Mr. Sidewalk’s testimony in three words: ‘I don’t remember’

Martin Patriquin on truth and testimony at the Charbonneau commission


“Good morning, Mr. Milioto. You’re doing well? What is the pizzo?”

So began construction company owner and alleged Mafia bagman Nicolo Milioto’s morning. Milioto’s answer was indicative of his testimony so far. “I don’t know,” he uttered in his street-worthy French, looking passively at an already-incredulous prosecutor Sonia LeBel. Incredulous, because she cannot believe that an alleged Mafia bagman wouldn’t know the common Italian term for extortion.

He clearly isn’t pleased with the honour, but the 63-year-old Nicolo Milioto is a key witness in the so-called Charbonneau commission investigating organized crime in Quebec’s construction industry. He is known as “Mr. Sidewalk” for his uncanny ability to score sidewalk jobs. Between 2006 and 2009, according to the city auditor general’s report, Milioto’s company received nearly $58 million in municipal contracts. Milioto retired in January 2012, though he says he still stops by the office on occasion. It’s just about the only thing he’s been able to remember in the past two days of testimony.

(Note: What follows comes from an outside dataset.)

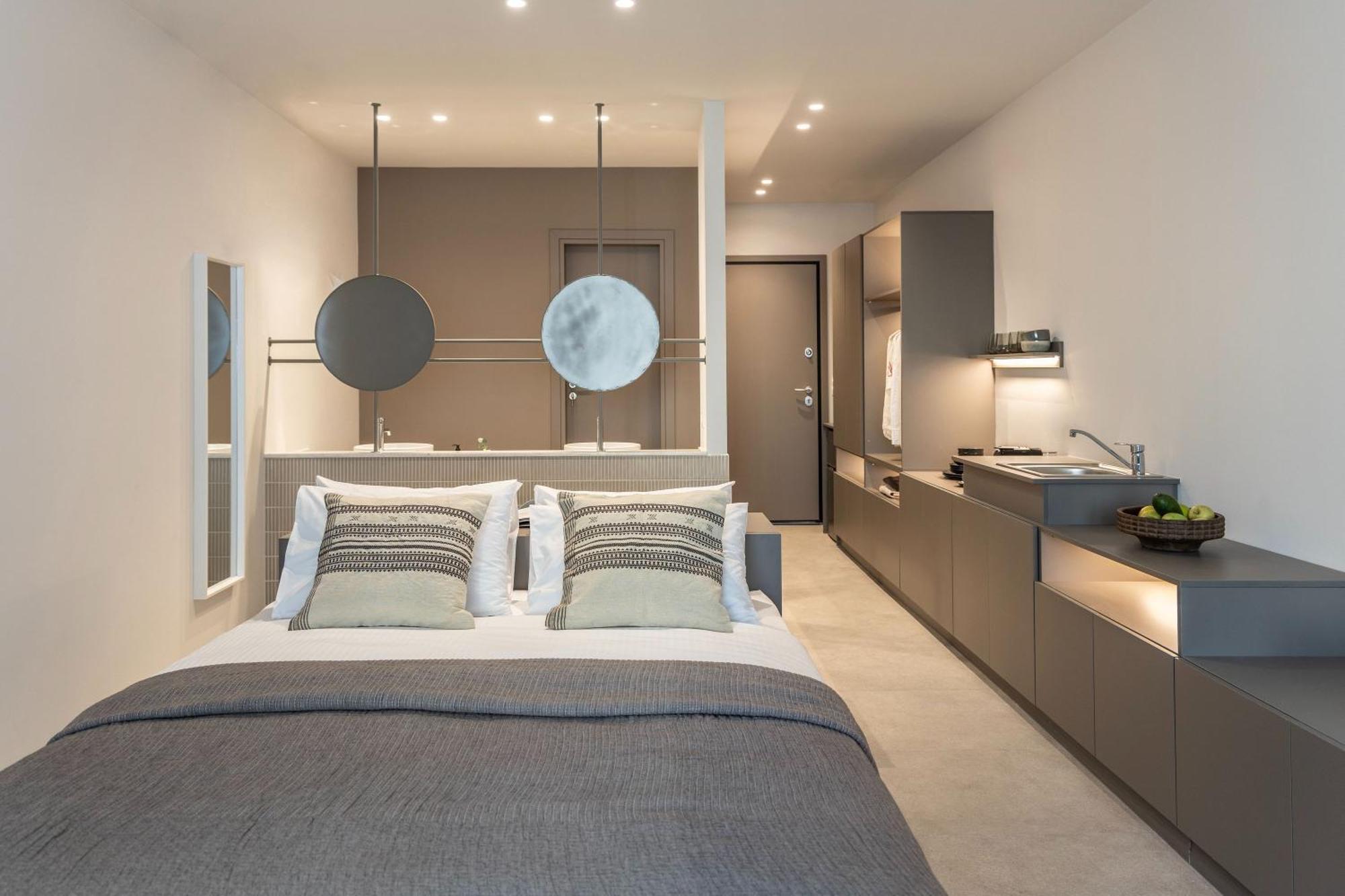 Celestial Athens Suites At Praxitelous Esterno foto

Faced with overwhelming evidence that he was a very important moving part in Montreal’s Mafia, including video footage of him exchanging money with known kingpin Nick Rizzuto Sr. and his main associate in the back of a mobbed-up coffee shop in Montreal’s north end, Milioto shrugged, smirked and otherwise looked confused throughout his testimony.

Was Nick Rizzuto Sr. a member of organized? “Me, I don’t know.” Did he know why Vito Rizzuto, Nick’s son, received a five-year sentence in an American court? “I don’t know. Maybe I read it in the paper.” Does he think the Mafia exists? “I don’t know, madam. What is the Mafia? People who shoot people? People who sell drugs?”

“I don’t remember,” he said repeatedly—51 times in the afternoon alone, by Maclean’s count.

He’s got palle, as the Italians say. Balls. On hidden cameras, the RCMP recorded Milioto entering the Café Consenza, a known Mafia hangout, 236 times between 2002 and 2006. He is seen in Consenza’s back room, usually with Nick Rizzuto Sr. and Rizzuto associate Rocco Sollecito. A variation of the following little danced occurred: Mililoto would arrive with wads of money, often in a satchel. The money—the 2.5 per cent pizzo harvested from construction companies, according to police—would be divided into five piles, and Milioto handed a share to Rizzuto, always by way of Sollecito. And more often than not, that money would end up in their socks.

Milioto, as Montreal Police organized crime investigator Éric Vecchio testified last September, was the middleman between the many construction companies bidding on jobs and the Rizzuto clan, which fixed the contracting business so everyone got rich. To hear Milioto say it, though, these meetings were for the Cattolica Eraclea Association, so named for the Sicilian village from where Rizzuto, Milioto et al. hailed. The money exchanged, Milioto said, was for association functions.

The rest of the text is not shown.